Along with these terms, there are general probationary terms that are automatically imposed for a DUI conviction. These include the requirement that the defendant not commit any other criminal offenses while on probation. Traffic violations are not criminal offenses that will violate probation. If you are on probation for a DUI, and are suspected of driving under the influence during probation, you must submit to a chemical test, including a preliminary alcohol screening test (PAS aka breathalyzer). Additionally, if someone is on probation, they cannot drive with any measurable amount of alcohol in their system.
Failure to comply with any of the terms of probation may result in a violation of probation. Depending on the severity of the violation, the consequences of a violation will vary. The judge may revoke probation and impose a jail sentence. The judge may also modify the terms of probation to add conditions or extend the length of probation.

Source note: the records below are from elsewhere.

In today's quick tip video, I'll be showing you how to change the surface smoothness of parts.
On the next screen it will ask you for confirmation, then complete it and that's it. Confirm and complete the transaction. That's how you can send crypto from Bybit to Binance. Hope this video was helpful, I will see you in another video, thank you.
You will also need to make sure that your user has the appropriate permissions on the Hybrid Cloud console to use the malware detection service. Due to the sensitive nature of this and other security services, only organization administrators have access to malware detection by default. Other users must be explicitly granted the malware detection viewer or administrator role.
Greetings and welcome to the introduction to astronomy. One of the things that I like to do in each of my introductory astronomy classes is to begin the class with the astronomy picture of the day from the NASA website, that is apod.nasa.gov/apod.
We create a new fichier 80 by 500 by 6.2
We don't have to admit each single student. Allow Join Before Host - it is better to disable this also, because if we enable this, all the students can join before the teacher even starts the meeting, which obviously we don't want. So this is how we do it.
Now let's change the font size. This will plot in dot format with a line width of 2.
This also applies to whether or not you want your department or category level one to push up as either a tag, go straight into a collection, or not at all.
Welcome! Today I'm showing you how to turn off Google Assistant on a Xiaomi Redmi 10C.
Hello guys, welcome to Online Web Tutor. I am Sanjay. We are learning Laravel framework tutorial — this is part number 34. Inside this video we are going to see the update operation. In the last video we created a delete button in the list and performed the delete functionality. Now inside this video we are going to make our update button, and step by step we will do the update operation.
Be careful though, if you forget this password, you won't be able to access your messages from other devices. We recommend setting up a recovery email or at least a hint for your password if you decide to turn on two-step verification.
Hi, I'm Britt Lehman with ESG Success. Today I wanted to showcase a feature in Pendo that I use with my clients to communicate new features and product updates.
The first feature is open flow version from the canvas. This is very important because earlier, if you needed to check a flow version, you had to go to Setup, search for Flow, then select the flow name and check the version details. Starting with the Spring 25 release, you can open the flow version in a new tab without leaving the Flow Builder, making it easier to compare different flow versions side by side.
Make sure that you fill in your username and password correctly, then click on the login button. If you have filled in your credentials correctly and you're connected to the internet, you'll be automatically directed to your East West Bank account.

Many of the probation violations I encounter involve failing to show proof of enrollment or proof of completion of DUI school or other similar classes. When a defendant fails to show up to court to show proof of enrollment or proof of completion, not only is the defendant facing a probation violation, a bench warrant is usually issued for that person. Many people do not realize that their visits to the court are not over when the judge issues a sentence.
Also remember that if the court or the DMV suspend your license, you cannot drive. If you do so and are caught, not only are you facing a violation of probation, but also a separate charge of misdemeanor driving on a suspended license.